From: Jungshik Shin (jshin@mailaps.org)
Date: Wed Dec 03 2003 - 12:36:09 EST

  • Next message: Patrick Andries: "Re: MS Windows and Unicode 4.0 ?"

    On Wed, 3 Dec 2003, Philippe Verdy wrote:

    > I just have another question for Korean: many jamos are in fact composed
    > from other jamos: this is clearly visible both in their name and in their
    > composed glyph. What would be the linguistic impact of decomposing them (not
    > canonically!)? Do Korean really learn these jamos without breaking them into
    > their components? I think here about SSANG (double) consonnants, or the

      The Korean alphabet invented in 1443 and announced in 1446 included 17
    consonants and 11 vowels. Modern Korean uses 14 consoants and 10 vowels
    (3 consonants and 1 vowel have become obsolete. Korean 'ABC-song'
    enumerates them only (i.e. it doesn't include cluster/complex letters.)
    The vowel 'U+119E ARAE A ᆞ' were used until the early 20th century
    when it was 'officially' made out of use in the draft standard of Korean
    orthography by the Korean Linguistic Society in 1933 [1], which became
    the basis of both South and North Korean orthographic standards after
    the division of the country.
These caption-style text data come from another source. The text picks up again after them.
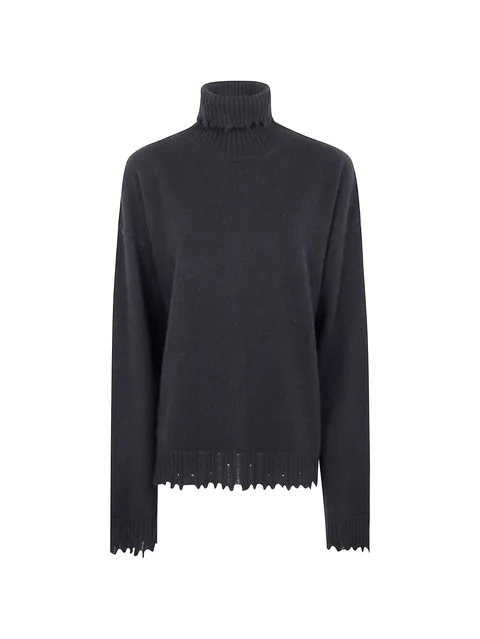 distressed-effect roll-neck knit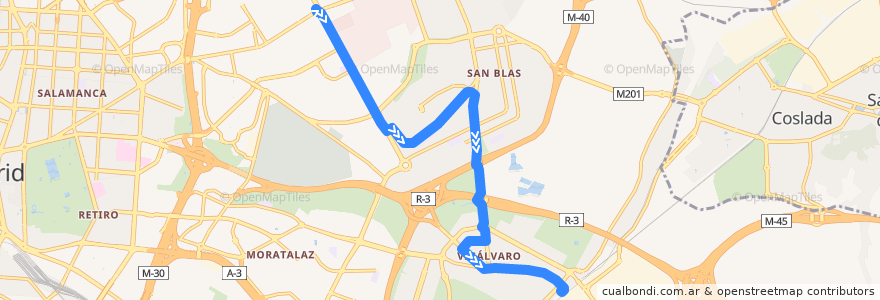 Mapa del recorrido Bus 4: Ciudad Lineal → Puerta Arganda de la línea  en Madrid.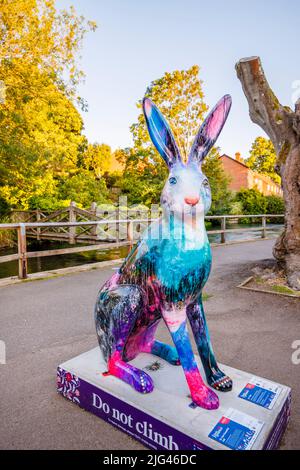 'Soyez votre beau soi', une sculpture colorée de Jenny Muncaster dans le cadre de la piste d'art public d'été de Hares of Hampshire dans les Weirs, Winchester Banque D'Images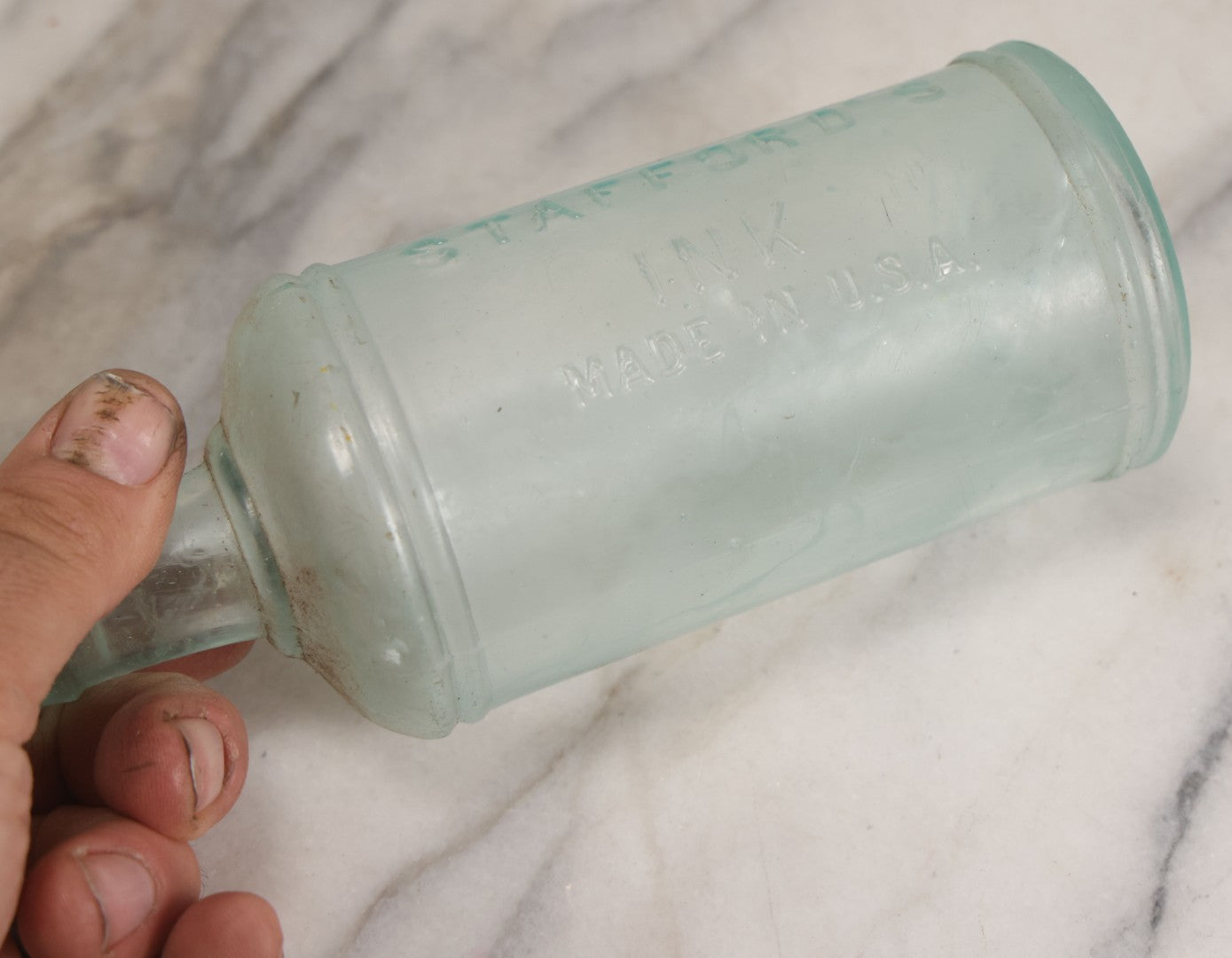 Lot 058 - Pair Of Antique Master Ink Bottles For Stafford's Ink, Made In U.S.A., 9" And 7-1/2" Height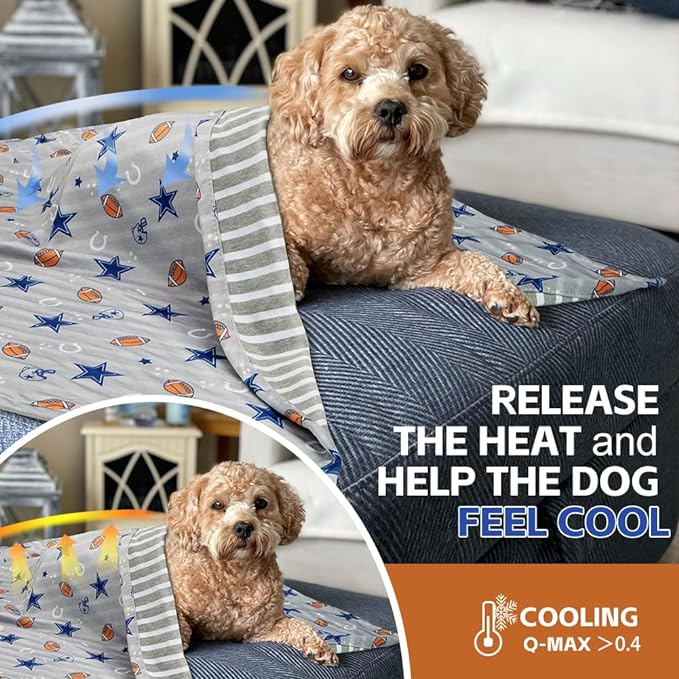 Dog Cooling Blanket Lightweight Self Cooling Blanket Bed Cover for Small Medium Dogs Washable Dog Cat Summer Blanket &Ice Silk Cooling Pet Blanket for Crate&Kennel Sofa (Helmet) S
See p. 6(of the PDF file, or p. 2 in the
    actual document) of the scanned copy of the draft standard for the list
    of Korean letters along with names(The upper left part of p.6 in PDF
    when rotated counterclockwise by 90 degrees.) All others are composed
    out of them. A few additional consonants were used briefly to transcribe
    Chinese phonems in phonetic textbooks in the 15th century, but have not
    been used otherwise.

      I and Kent, on several occasions, wrote that complex Korean letters
    (Korean letter clusters) should have been made __canonically_ equivalent
    to basic Korean letter sequences. They were compatibly equivalent to each
    other in Unicode 2.0, but even that compatible equivalence was removed
    instead of being upgraded to the canonical equivalence. That's another
    mistake in Korean encoding in Unicode. In the first place, complex
    Korean letters should not have been encoded just like precomposed
    syllables should not have been. With the NFC/NFD frozen forever,
    it is now impossible to rectifiy this.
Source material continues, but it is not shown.